Unabhängig davon, ob es sich um weißes, schwarzes oder grünes Pfefferkorn handelt, enthält es das Alkaloid Piperin, das die Nervenenden in der Schleimhaut stimuliert. Hier passiert das „ACHOO“! Vermeiden Sie außerdem, dass Pfeffer in und um die Augen gelangt, da er brennen kann.

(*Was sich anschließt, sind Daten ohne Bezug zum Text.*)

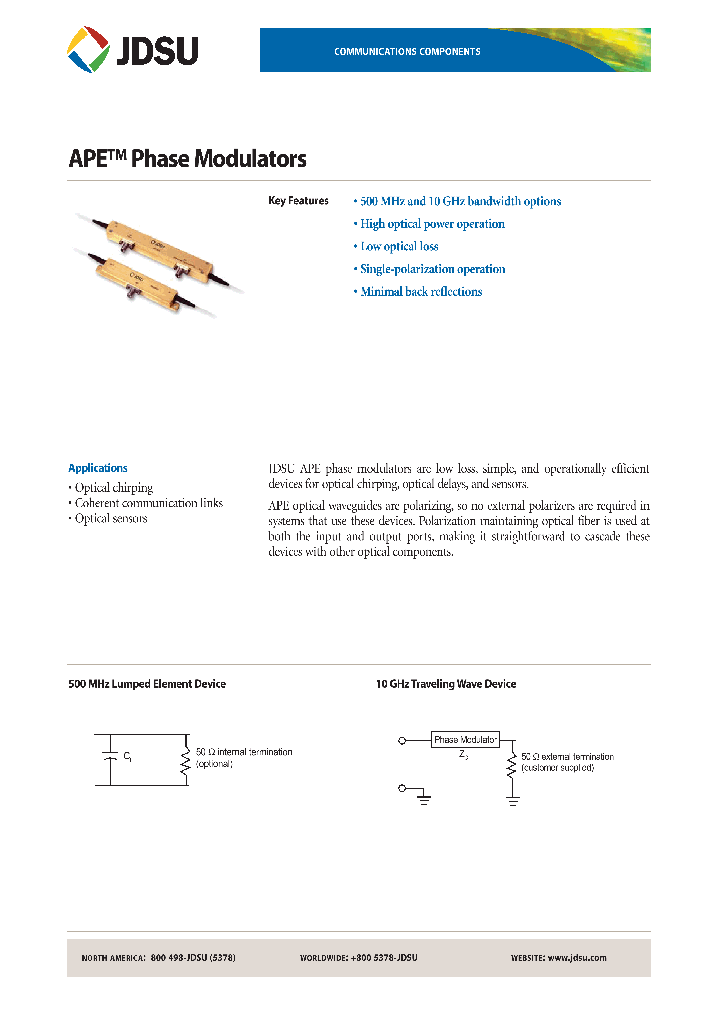 21007176_4418797.PDF Datasheet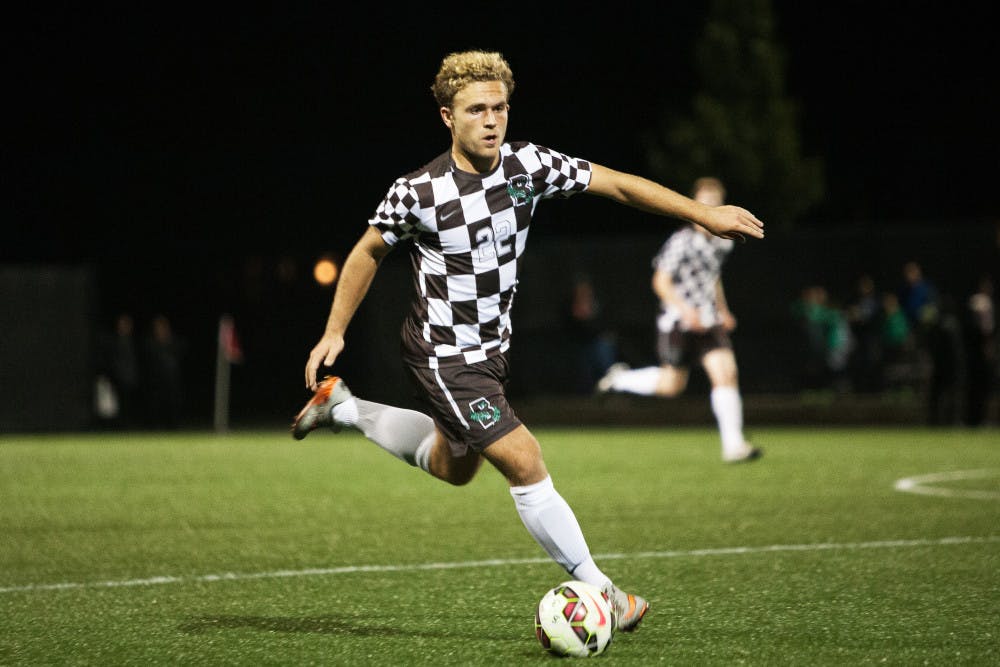 Waigner_M-Soccer_Waigner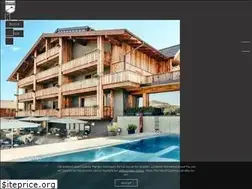 Sites similar to almmonte.com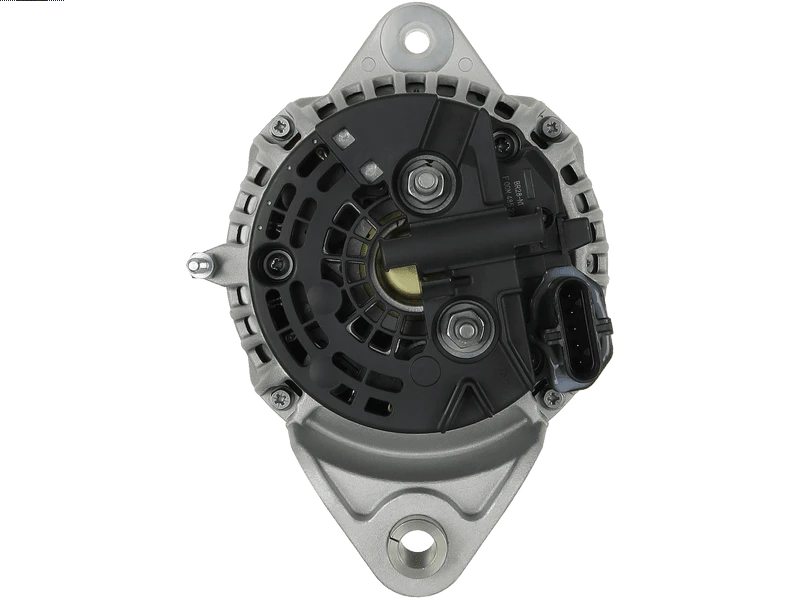 ALTERNADOR NUEVO A0334(SEG)
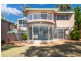 1/17 – 19 Barbara Crescent, Denhams Beach NSW 2536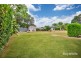 27 Muchow Road, Waterford West QLD 4133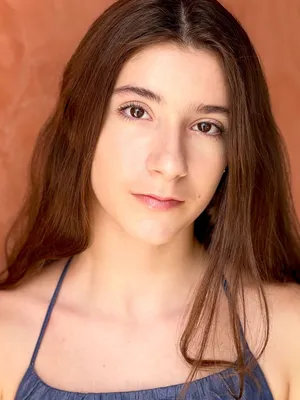 Iara Nemirovsky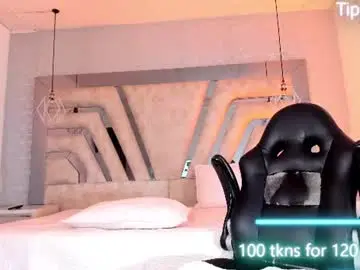 Angelineheet  live sex cam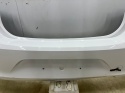 Zderzak tylny Opel Corsa F 19-23r. Przedlift tył 39182039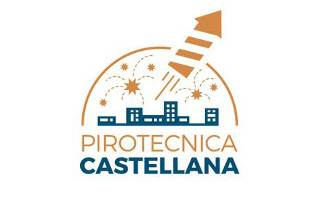 Pirotecnica Castellana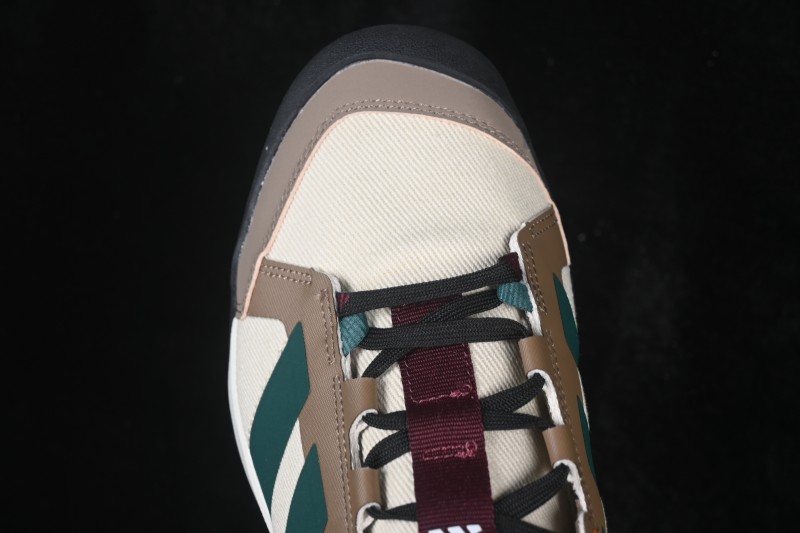Adidas Terrex Daroga 25 Breathable Cushioned Casual Lifestyle Shoes - KH6691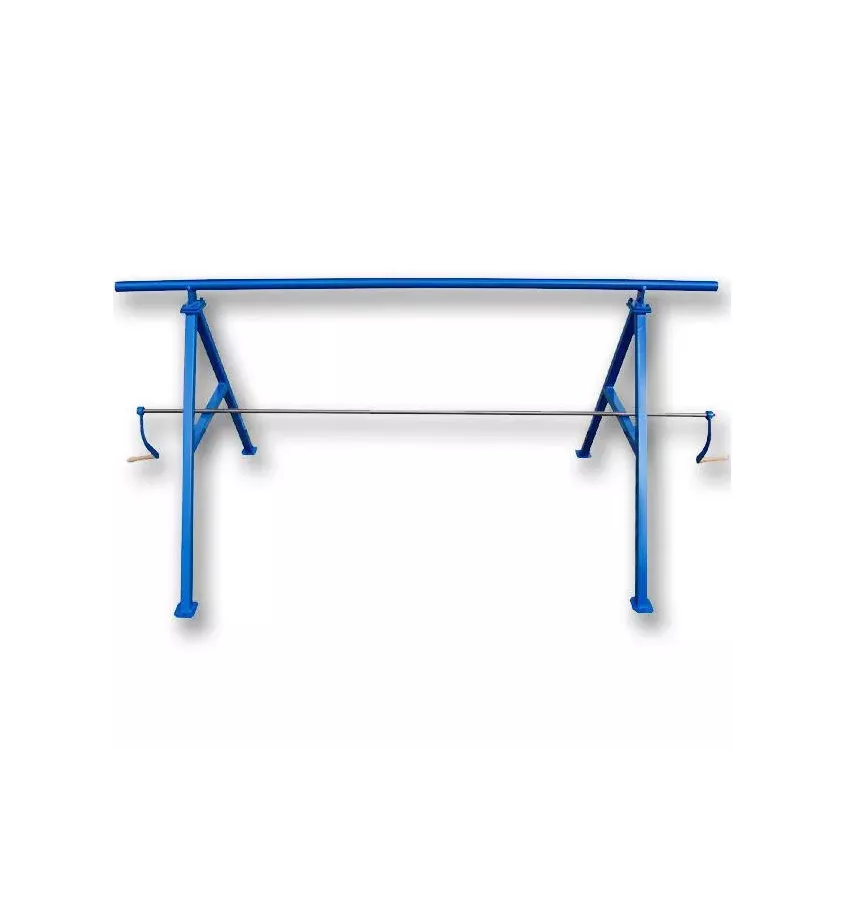 Maad - ZK-2000 edge bending machine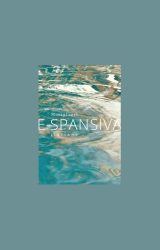 E-SPAnsiva. 50 migliori SPA italiane | Raffaella Dallarda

Wenn Sie Symptome wie Nesselsucht, Kribbeln oder Juckreiz in Ihrem Mund bemerken; Bauchschmerzen; Durchfall; Übelkeit und Erbrechen; Keuchen; Überlastung; Bei Schwindel und Benommenheit kann es zu einer allergischen Reaktion kommen. Andere Symptome sind Schwellungen der Lippen, der Zunge, des Mundes und des Rachens, die Ihre Atemwege verengen können. Suchen Sie sofort Hilfe, wenn eines dieser Symptome auftritt.

Abschließende Gedanken

Pfefferkörner sind eine großartige Möglichkeit, den Geschmack von Lebensmitteln oder die Vorteile anderer Gewürze wie Kurkuma zu verbessern, ohne die negativen Auswirkungen einer Gewichtszunahme. Probieren Sie eines der oben genannten Rezepte, um den Geschmack des Pfefferkorns zu erhalten. Beginnen Sie moderat, wenn Sie nicht daran gewöhnt sind, und seien Sie vorsichtig, wenn Sie es mit Kindern verwenden.

Sie werden vielleicht feststellen, dass Pfefferkörner Ihnen bei der Verdauung, der Taille und dem Blutdruck helfen und gleichzeitig Krebs, Diabetes und Bakterien vorbeugen und bekämpfen. Kein Wunder, dass dieses erstaunliche Gewürz als König der Gewürze gilt.